Fig.2 Florescence intensity per OD600 of bacteria at different temperatures.
The data indicated that the fluorescence intensity of E.coli DH5α was higher than that of E.coli BL21 generally.
For E.coli DH5α, the fluorescence intensity at 16℃ was the lowest and the one at 37℃ was the highest in the first 2 hours. This is probably because cells in logarithmic growth phase, 37℃ is the optimal temperature for growth, and E.coli propagates fastest, so the expression of GFP was relatively high. After about 4 hours, the fluorescence intensity at 16℃is gradually higher than those at 30℃ and 37℃, that is because 16℃ is the optimal temperature for protein expression.
For BL21, the fluorescence intensity was highest at 37℃ comparatively.
The results can be used for reference in the study of GFP expression of these two stains of E.coli. Before the OD600 value of DH5α culture is up to 0.8, it can be cultured at 37℃ first to multiply, and then decrease to 16℃ to increase GFP expression. In this way, the total amount of GFP expression in E.coli DH5α medium can reach the optimal level. But for the BL21 stain, the temperature for cells’ growth can be maintained at 37℃. 16℃ and 30℃ are the most commonly used industrial fermentation temperatures, and 37℃ is the most commonly used temperature for bacterial culture. Characterization of BBa_K608011 at these three temperatures can be used as a guide for industrial and laboratory applications.
2. Fluorescence expression levels of GFP under different pH conditions.
Fig.3 Florescence intensity of GFP at different pH.
The fluorescence intensity of blank control was similar to the one at pH 8. Surprisingly, the intensity of specimens at pH higher than 7 did not vary significantly from the intensity of which at pH 7, even higher, while the ones at lower pH deviated much more drastically.

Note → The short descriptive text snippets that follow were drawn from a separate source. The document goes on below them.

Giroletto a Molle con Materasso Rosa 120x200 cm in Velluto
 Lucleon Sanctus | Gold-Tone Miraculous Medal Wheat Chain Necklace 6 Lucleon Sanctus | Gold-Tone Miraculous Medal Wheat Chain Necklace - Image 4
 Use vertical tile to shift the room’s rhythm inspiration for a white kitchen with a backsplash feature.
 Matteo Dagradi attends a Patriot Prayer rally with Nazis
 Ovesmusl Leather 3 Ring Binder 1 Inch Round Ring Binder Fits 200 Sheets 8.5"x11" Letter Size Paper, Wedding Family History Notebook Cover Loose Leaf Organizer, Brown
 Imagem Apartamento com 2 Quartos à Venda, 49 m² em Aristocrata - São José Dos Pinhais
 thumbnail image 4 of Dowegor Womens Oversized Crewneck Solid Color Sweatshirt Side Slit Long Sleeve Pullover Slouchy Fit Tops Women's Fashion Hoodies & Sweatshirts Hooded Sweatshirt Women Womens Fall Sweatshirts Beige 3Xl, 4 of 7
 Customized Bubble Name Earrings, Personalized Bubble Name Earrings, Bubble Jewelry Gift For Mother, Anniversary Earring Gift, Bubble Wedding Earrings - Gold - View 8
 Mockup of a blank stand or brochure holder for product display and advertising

Our experiment indicated that GFP could acquire higher fluorescence intensity at neutral or alkaline conditions. On the contrary, since acid has negative influence on GFP fluorescence intensity, we should pay attention to control the pH of cell culture medium higher than 7. Bacteria have a variety of secretion systems, and fluorescent proteins can also confirm the secretion efficiency of signal peptides. Once secreted, the protein is in an in vitro environment, so it is very important to characterize the nature of GFP in vitro environment. Our results suggested that GFP’s conformation can keep stable in alkaline conditions, which means it could be used in studying the functions of some proteins or polypeptides under extreme conditions. Our characterization is also useful for cell-free systems. On the contrary, since acid has negative influence on GFP fluorescence intensity, we should pay attention to control the pH of cell culture medium higher than 7.